> _ASSIGNMENT_: Please give all of the data again, character for character, and drop the pictures.

> _DATA EXTRACT_:
========

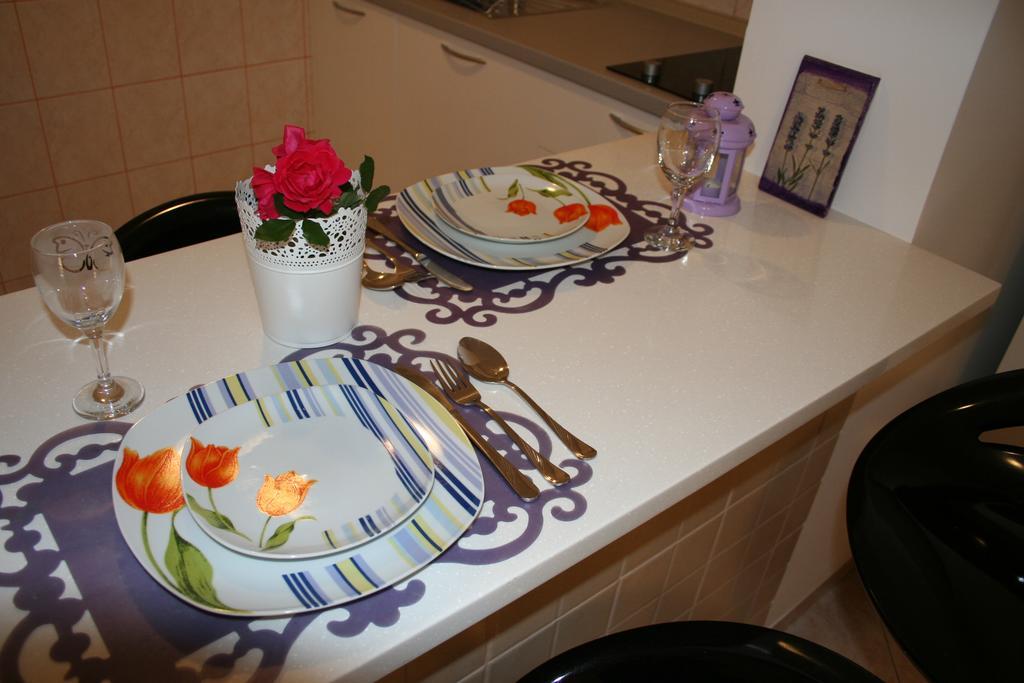 Guesthouse Villa Juric Crikvenica Luaran gambar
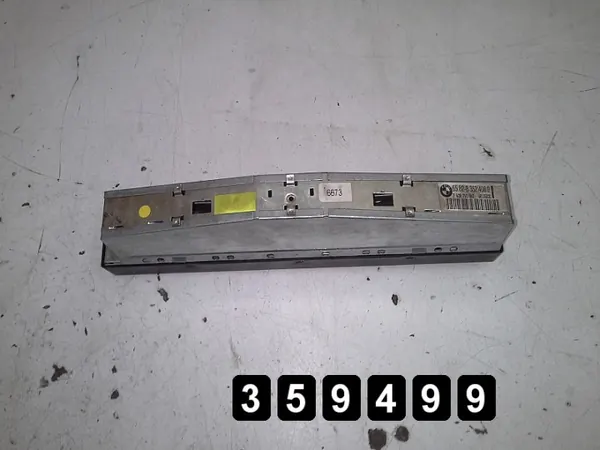 BMW Display Bildschirm OEM AM-359499 - Gebraucht image 4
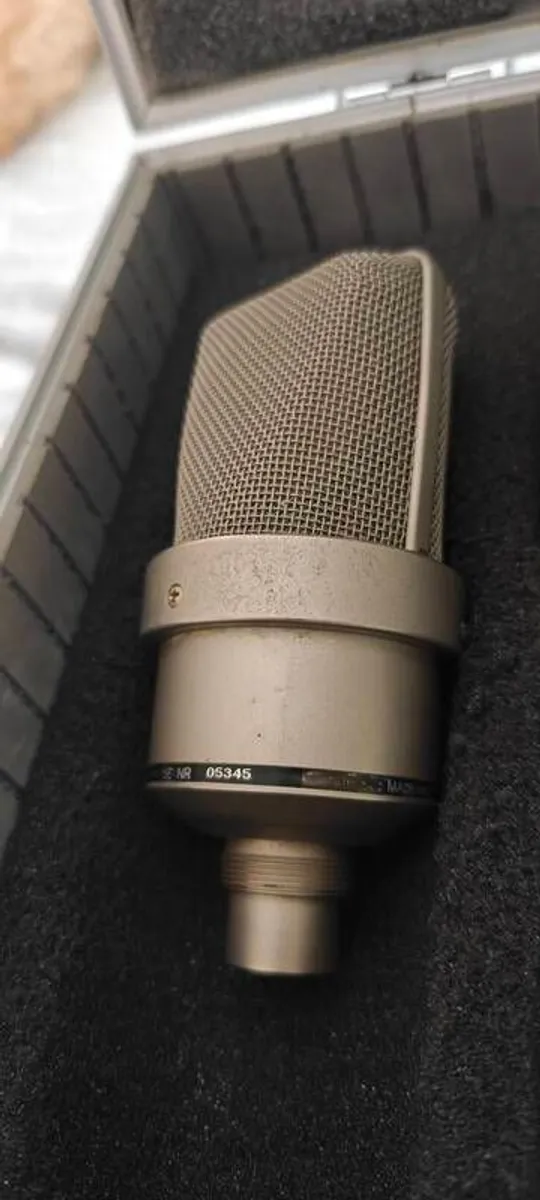 Neumann TLM 103 Studio Condenser Microphone - Image 2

========

> _THE ANSWER_:
 Guesthouse Villa Juric Crikvenica Luaran gambar
 BMW Display Bildschirm OEM AM-359499 - Gebraucht image 4
 Neumann TLM 103 Studio Condenser Microphone - Image 2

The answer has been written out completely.